Although the continuum (so-called multi-fluid) method has proven relatively successful for compressible two-phase flows, the inherent assumptions of the continuum approach lead to several disadvantages which may be countered with a Lagrangian treatment for dilute flows [15, 16, 23, 30, 70]. The continuum assumption cannot robustly account for local differences in particle characteristics, particularly if the particles are polydispersed. In addition, the only boundary conditions that can be considered in a straightforward manner are slipping and sticking, whereas reflection boundary conditions, such as specular and diffuse reflection, may be additionally considered with a Lagrangian approach. Turbulent dispersion can also be treated on a more fundamental basis. Finally, numerical diffusion of the particle density can be eliminated by employing Lagrangian particles due to their pointwise spatial accuracy.

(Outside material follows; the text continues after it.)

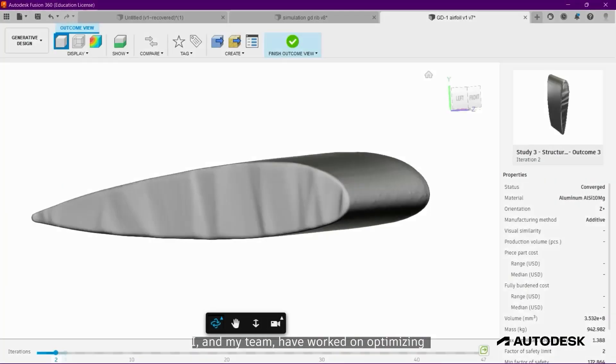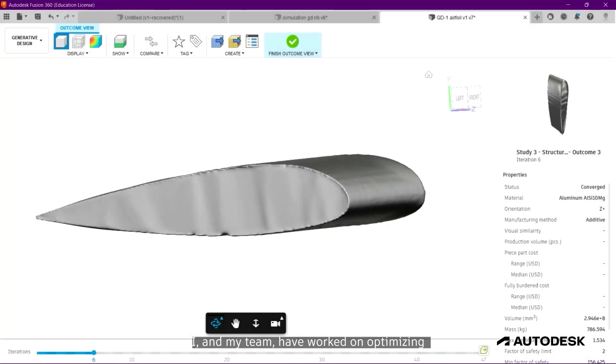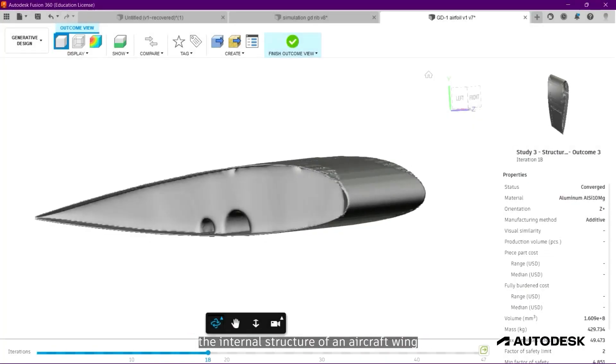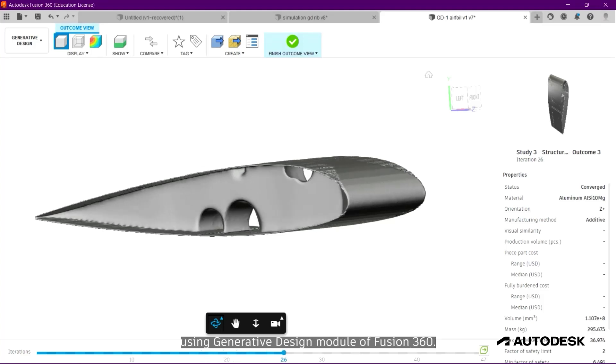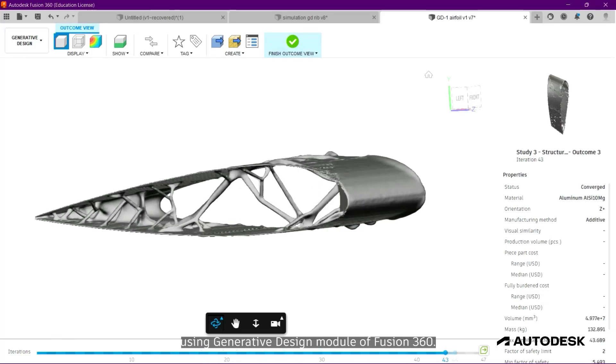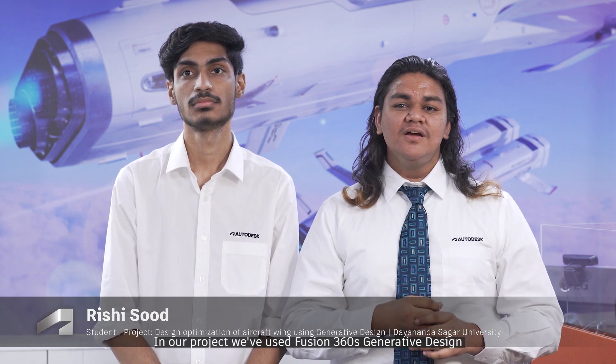My team and I have worked on optimizing the internal structure of an aircraft wing using the generative design module of Fusion 360. In our project, we used Fusion 360's generative design to reduce the total weight of the wing of a Cessna Grand Caravan aircraft.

While a Lagrangian approach offers many potential advantages, this method also creates problems that should be addressed by the model. For instance, large numbers of particles may cause a Lagrangian analysis to be memory intensive. This problem is circumvented by treating parcels of particles, i.e. doing the detailed analysis for one particle and then applying the effect of many. In addition, continuous mapping and remapping of particles to their respective elements may increase computational requirements, particularly for unstructured grids.

The present paper summarizes the procedures used, as well as some of the difficulties encountered when implementing a particle description of diluted phases in a flow solver based on unstructured grids.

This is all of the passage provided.